● What needs to be done
Bring together every line in the data that includes "Auckland".

● Study material
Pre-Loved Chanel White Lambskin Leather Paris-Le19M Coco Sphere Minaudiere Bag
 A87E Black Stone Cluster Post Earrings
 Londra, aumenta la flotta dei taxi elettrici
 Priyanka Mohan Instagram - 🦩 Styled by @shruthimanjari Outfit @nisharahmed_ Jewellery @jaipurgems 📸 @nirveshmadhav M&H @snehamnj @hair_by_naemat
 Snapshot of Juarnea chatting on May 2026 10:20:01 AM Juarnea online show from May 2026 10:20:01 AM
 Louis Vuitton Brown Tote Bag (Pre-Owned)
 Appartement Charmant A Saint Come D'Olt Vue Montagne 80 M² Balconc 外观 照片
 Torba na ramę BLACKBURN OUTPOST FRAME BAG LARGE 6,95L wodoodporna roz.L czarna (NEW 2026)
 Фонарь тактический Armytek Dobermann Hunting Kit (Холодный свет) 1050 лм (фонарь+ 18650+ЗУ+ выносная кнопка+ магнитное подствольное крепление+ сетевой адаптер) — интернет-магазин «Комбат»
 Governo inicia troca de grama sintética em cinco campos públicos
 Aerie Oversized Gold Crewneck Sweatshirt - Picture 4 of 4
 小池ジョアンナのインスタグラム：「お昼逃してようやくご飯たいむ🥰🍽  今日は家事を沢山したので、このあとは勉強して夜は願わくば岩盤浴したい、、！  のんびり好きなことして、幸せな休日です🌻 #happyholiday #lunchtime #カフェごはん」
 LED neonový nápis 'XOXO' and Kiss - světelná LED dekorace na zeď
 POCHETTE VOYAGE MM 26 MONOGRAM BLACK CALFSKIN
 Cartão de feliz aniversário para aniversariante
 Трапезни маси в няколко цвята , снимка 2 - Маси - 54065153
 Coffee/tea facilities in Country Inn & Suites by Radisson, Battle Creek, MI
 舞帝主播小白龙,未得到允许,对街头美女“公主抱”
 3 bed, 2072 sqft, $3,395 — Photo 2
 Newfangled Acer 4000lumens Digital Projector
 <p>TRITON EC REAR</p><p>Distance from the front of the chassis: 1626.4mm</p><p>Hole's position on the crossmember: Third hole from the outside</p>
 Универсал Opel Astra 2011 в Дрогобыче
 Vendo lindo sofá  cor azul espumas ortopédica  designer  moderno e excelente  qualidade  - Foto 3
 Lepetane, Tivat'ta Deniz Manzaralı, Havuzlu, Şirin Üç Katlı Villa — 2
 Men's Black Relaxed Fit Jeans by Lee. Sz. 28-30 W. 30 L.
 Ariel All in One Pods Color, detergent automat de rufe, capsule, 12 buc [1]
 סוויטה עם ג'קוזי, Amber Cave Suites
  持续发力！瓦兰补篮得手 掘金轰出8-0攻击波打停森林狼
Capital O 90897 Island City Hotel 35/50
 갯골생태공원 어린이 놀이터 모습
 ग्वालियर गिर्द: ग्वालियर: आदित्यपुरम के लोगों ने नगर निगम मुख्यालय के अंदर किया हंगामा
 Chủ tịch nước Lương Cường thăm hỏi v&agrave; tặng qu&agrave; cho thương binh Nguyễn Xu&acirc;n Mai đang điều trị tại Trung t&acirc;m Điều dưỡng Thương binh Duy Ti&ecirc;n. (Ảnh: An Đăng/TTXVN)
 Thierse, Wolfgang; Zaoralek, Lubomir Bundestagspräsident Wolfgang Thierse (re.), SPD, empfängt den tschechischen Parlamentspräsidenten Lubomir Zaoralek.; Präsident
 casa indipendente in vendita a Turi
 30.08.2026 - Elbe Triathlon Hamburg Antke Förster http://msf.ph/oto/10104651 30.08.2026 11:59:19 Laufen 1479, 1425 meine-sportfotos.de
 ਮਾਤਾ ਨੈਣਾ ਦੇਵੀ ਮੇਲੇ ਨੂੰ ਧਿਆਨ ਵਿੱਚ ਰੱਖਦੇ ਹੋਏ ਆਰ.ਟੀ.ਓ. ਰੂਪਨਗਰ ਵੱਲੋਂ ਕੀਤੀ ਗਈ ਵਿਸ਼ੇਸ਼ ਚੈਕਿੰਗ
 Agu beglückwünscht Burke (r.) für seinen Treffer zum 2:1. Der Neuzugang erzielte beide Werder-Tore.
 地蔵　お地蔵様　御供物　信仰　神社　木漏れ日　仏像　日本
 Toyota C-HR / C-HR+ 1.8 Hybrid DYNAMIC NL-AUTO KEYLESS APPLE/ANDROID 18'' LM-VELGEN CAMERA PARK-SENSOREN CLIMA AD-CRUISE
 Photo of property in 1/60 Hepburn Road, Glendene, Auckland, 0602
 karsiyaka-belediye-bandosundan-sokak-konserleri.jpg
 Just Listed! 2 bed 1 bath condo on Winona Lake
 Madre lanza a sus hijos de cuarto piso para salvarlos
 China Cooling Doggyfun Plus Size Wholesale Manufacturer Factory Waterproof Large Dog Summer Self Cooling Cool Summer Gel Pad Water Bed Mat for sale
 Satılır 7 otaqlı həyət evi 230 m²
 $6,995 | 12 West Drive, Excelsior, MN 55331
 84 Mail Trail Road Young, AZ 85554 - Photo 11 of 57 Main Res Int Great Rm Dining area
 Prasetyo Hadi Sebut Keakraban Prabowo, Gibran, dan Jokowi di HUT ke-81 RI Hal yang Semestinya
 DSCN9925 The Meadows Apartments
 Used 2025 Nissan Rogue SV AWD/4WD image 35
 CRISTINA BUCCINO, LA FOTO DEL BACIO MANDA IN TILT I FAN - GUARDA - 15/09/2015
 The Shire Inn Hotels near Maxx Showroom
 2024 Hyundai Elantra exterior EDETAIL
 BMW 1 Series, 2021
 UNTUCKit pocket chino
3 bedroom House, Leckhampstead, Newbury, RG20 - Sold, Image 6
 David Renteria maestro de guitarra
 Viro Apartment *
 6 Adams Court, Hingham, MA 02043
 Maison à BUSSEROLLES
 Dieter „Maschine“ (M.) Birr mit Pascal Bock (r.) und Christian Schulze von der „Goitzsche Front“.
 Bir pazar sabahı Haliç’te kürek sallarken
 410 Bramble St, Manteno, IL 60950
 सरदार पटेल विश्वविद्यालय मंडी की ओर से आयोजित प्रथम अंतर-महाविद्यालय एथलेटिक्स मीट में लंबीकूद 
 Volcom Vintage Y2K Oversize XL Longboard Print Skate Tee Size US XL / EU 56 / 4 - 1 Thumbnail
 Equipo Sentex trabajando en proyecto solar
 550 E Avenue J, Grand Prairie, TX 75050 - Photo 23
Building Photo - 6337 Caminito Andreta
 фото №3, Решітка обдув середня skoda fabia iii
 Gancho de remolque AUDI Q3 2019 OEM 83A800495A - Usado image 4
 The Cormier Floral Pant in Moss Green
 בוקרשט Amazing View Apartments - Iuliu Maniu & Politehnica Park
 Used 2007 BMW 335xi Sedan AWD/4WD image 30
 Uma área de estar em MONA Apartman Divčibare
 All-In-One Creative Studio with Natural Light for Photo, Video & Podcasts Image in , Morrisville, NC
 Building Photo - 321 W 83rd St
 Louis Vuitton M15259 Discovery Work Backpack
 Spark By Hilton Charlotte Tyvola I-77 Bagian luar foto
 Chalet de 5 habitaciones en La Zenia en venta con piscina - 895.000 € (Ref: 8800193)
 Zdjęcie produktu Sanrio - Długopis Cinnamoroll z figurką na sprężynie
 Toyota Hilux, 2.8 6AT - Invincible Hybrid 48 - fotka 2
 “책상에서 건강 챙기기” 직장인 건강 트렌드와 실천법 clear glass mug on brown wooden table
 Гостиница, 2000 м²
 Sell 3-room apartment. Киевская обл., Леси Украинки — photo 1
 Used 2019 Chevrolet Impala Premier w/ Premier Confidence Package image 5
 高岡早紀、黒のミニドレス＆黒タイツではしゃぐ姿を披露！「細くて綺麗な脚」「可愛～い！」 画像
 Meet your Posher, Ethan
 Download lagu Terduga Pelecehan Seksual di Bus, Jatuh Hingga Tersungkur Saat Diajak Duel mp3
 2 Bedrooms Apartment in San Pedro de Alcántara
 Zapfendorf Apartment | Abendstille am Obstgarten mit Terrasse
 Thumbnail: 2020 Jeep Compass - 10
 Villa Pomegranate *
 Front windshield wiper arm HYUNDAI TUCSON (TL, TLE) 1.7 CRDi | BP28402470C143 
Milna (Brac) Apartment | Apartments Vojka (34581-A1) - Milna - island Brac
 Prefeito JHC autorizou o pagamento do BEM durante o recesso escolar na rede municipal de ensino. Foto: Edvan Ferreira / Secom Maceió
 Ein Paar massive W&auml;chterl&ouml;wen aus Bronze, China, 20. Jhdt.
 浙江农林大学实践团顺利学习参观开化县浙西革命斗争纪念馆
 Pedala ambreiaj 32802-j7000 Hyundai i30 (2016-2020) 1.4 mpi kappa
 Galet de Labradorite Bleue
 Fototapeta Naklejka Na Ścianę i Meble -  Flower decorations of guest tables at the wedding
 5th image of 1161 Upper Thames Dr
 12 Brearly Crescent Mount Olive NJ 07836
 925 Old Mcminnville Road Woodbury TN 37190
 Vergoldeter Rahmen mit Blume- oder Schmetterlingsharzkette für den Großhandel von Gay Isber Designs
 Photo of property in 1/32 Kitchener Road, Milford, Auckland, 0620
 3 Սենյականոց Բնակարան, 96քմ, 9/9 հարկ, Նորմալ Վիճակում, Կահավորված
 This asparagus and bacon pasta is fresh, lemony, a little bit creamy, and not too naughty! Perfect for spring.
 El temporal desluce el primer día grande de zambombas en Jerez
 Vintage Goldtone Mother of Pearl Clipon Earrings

● Response area
 Photo of property in 1/60 Hepburn Road, Glendene, Auckland, 0602
 Photo of property in 1/32 Kitchener Road, Milford, Auckland, 0620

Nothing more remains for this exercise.